Department of Surgical Gastroenterology, Indira Gandhi Institute of Medical Sciences, India
Received Date: 04/08/2022; Published Date: 19/08/2022
*Corresponding author: Harisankar AG, Senior Resident (MCh Surgical Gastroenterology trainee), Department of Surgical Gastroenterology, Indira Gandhi Institute of Medical Sciences, Patna, Bihar, India PIN 800014
Orcid ID: 000-0002-5632-8705
Leiomyoma is the most commonly reported benign tumor of the esophagus. Most arise from the mid and lower esophagus. Usually, they are asymptomatic, however symptomatic leiomyoma usually presents with dysphagia, pain, and weight loss. Very rarely they might attain a size >10cm often referred to as Giant Esophageal Leiomyoma (GEL). Though most leiomyoma can be surgically managed by transthoracic enucleation, GEL often requires partial esophagectomy due to mucosal damage and malignant potential. Here, we report a case of a 26-year-old male with a giant esophageal leiomyoma of the distal esophagus extending up to the proximal stomach who presented with massive upper gastrointestinal hemorrhage and dysphagia which is very rarely reported in the literature. Complete excision of the tumor required distal esophagectomy with proximal gastrectomy and anastomotic repair was done with a gastric conduit
Keywords: Giant esophageal leiomyoma; Distal esophagectomy; Upper gastrointestinal hemorrhage; Transthoracic enucleation
Although esophageal leiomyoma is rare, it accounts for the most common benign submucosal mesenchymal tumor of the esophagus. With an incidence of 8-43/10000 in autopsy series, it’s a rare neoplasm [1]. Most of the cases described are single lesions in the middle and distal esophagus and occur mainly in the third to fourth decade of life with a male preponderance [2]. Since most leiomyomas are smaller than 5cm they are asymptomatic and found incidentally. Occasionally sizes>10cm have been described in literature when they become symptomatic. Although transthoracic enucleation is a safe and effective approach in most cases of leiomyoma cases , the approach and management of GEL are different [3]. This is mainly because the mucosal and muscle defect cannot be repaired after simple enucleation of these giant tumors and in very rare instances they might have a sarcomatous change which can be missed [4]. This case report summarizes the rare clinical presentation of a GEL and its surgical experience
A 26-year-old gentleman presented with dyspepsia and progressive dysphagia for 2 months. He was admitted to a local hospital with sudden onset of hematemesis and loss of consciousness. On evaluation, he was found to have a Blood pressure of 80/60mm Hg and a pulse rate of 112 per minute. His blood investigation revealed a hemoglobin value of 4.2gm/dl. One week later his dysphagia progressed and was completely intolerant to solid foods and was referred to our hospital for further evaluation. He had no episode of dyspnea, fever, or weight loss. He was not an alcoholic or smoker and his family history was insignificant. General examination was unremarkable except that he had mild pallor. Fresh blood investigations revealed hemoglobin of 9.5gm/dl and a total leukocyte count of 8300cu/mm. Contrast-Enhanced Computer Tomography (CECT) of the thorax revealed a large lobular (11x10x7 cm) non-enhancing homogenous exophytic lesion compressing and displacing the lower esophagus and gastroesophageal junction extending to the cardia of the stomach and causing marked luminal narrowing. The lesion anteriorly abuts the pericardium, laterally the left lung parenchyma, and superiorly the left pulmonary vein (Figure 1, panels a,b)
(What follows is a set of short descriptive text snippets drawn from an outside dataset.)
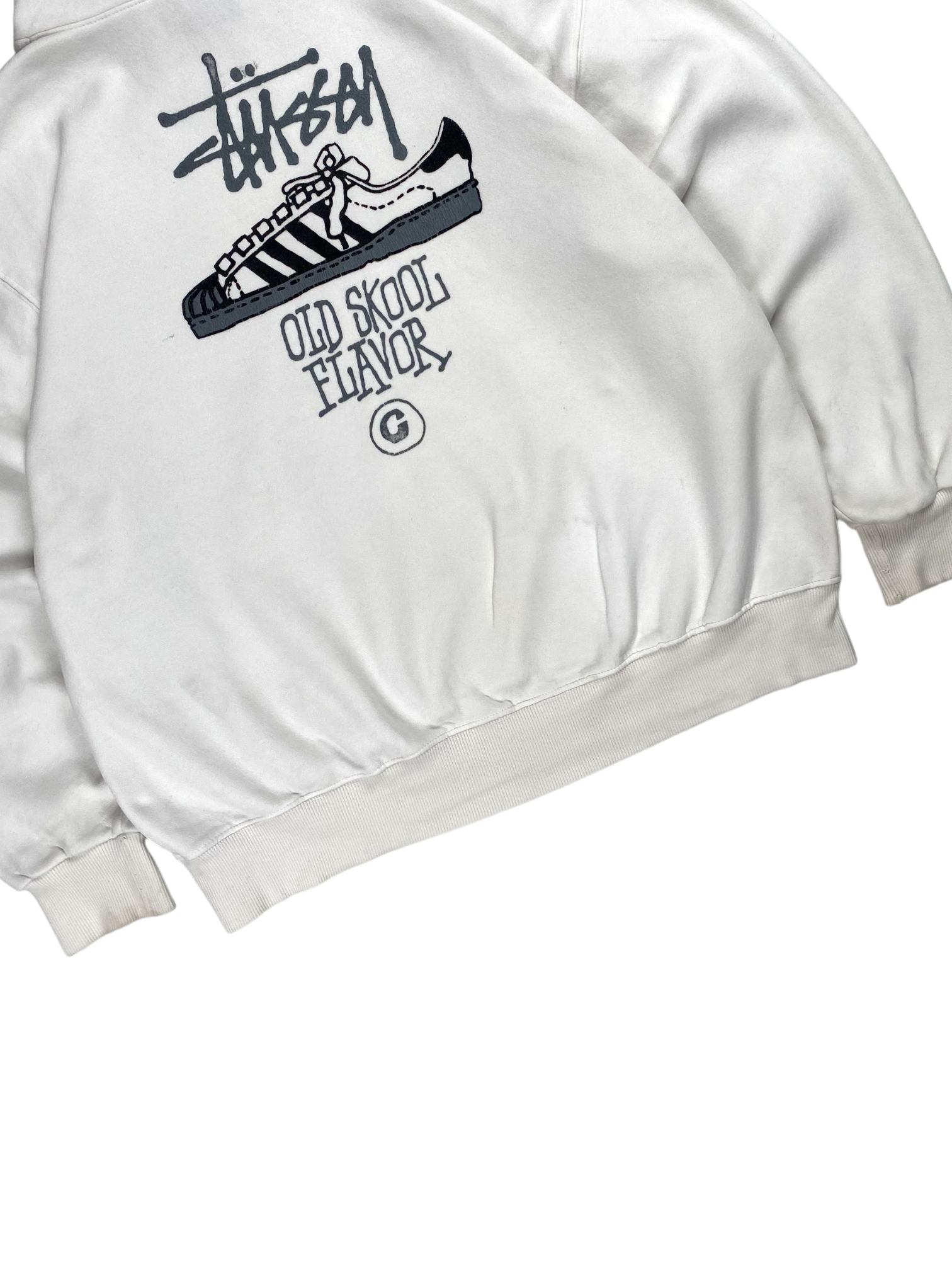 Stüssy White Old Skool Flavour Hoodie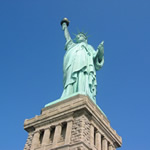 Statue of Liberty from below.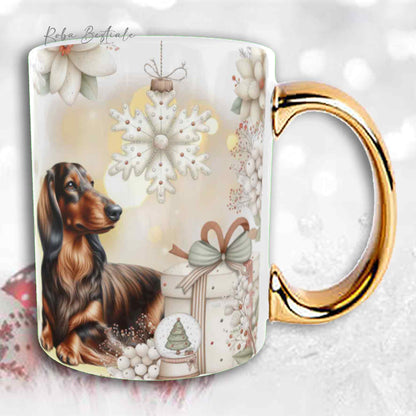 Tazza COZY WINTER - BASSOTTO TEDESCO a Pelo Lungo Tigrato - In Ceramica, con manico color Oro - 330 ml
Upper gastrointestinal endoscopy showed an esophageal submucosal mass with a luminal compromise with dilated, tortuous vessels over it. Based on these findings a differential diagnosis of Gastrointestinal Stromal Tumor (GIST) or leiomyoma was made. The patient was taken up for surgery after a proper anesthesia workup. He was positioned in a right lateral decubitus position and a left thoracotomy incision was made through the seventh intercostal space. The same incision was extended to an upper midline laparotomy incision. We found a hard tumor in the mid esophagus in the posterior mediastinum extending from 2 cm below the carina and extending below to the cardia of the stomach involving the proximal stomach (Figure 2, panel a) The tumor was found adherent to the inferior pulmonary ligament, left vagus nerve and hemiazygous vein. We proceeded with distal esophagectomy combined with proximal gastrectomy. Proximally esophagus was divided 2cm below left pulmonary vein and distally stomach was divided 4 cm below the gastroesophageal junction. Gastric conduit was then created along the greater curvature and esophagogastric anastomosis was performed hand sewn in two layers (Figure 2, panel b)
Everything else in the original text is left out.